The Yamaha DX 7, released in 1983, was a completely digital synthesizer with 6 operators and 32 algorithms. Its FM synthesis provided bright clear sounds compared to analog synthesizers, polyphonic up to 16 voices, MIDI, memory presets all for about $2,000, a groundbreaking price at the time. With its remarkably new features, the Yamaha DX 7 resulted in a huge-hit eliminating analog synthesizers from the market.

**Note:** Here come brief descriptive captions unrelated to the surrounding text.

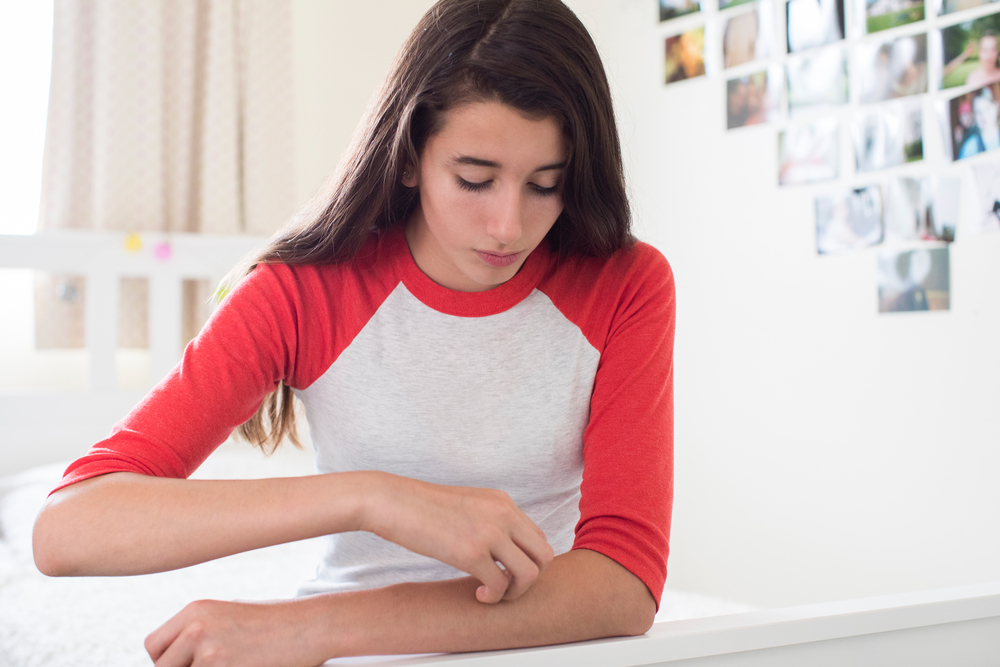Important Insights About Eczema You Should Know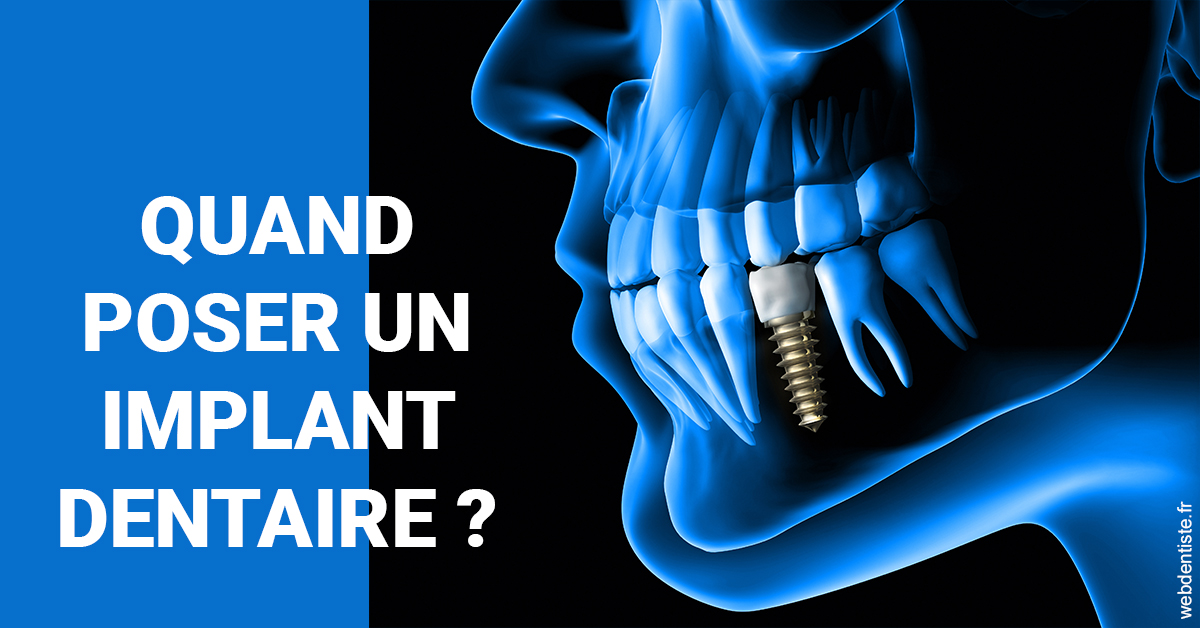 https://dr-levy-charles.chirurgiens-dentistes.fr/Les implants 1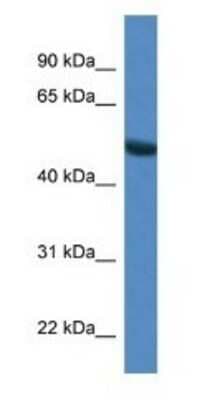 Western Blot: SNTG1 Antibody [NBP1-74119]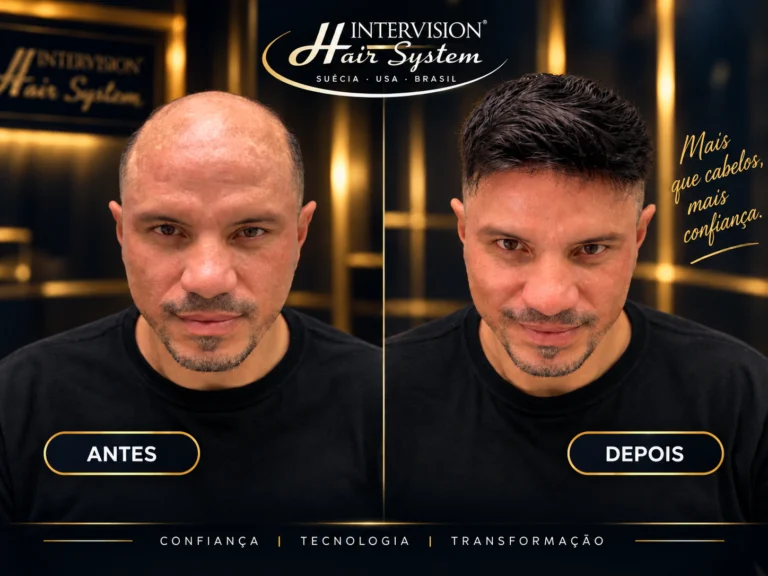 Antes e depois real de prótese capilar Samuel Intervision Hair System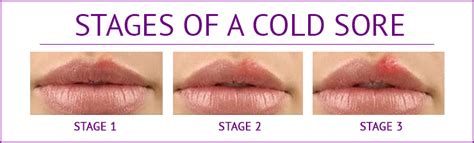 Canker And Cold Sores Which Act As Hot Sores Dr Nechupadam Dental Clinic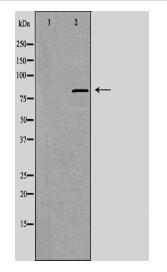 ANKK1 Antibody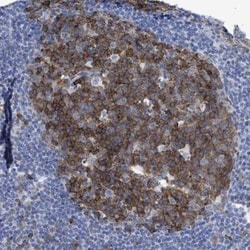 TR alpha/NR1A1/Thyroid Hormone Receptor alpha Antibody, Novus Biologicals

The DX 100 was then released in 1985 at the price of $450 as an introductory product for FM Synthesizers. Back then, the battery-operated mini-keyboard wasn’t used as main keyboards but used mainly as a shoulder keyboard. In the 90s, Roger Troutman used the DX 100 instead of the Minimoog. Because of the influence of Roger Troutman, many talkboxers still use DX 100, and this may be the reason for the high prices dealt for it in used stores.


Synthesizers like DX21, DX27, DX27S, SDX27S, TX81Z that use the same algorithms as the DX 100 can create the same sounds as that of the DX 100. You should note however that not all products come with the same built-in D/A converter, so even with the same parameters, sounds may vary.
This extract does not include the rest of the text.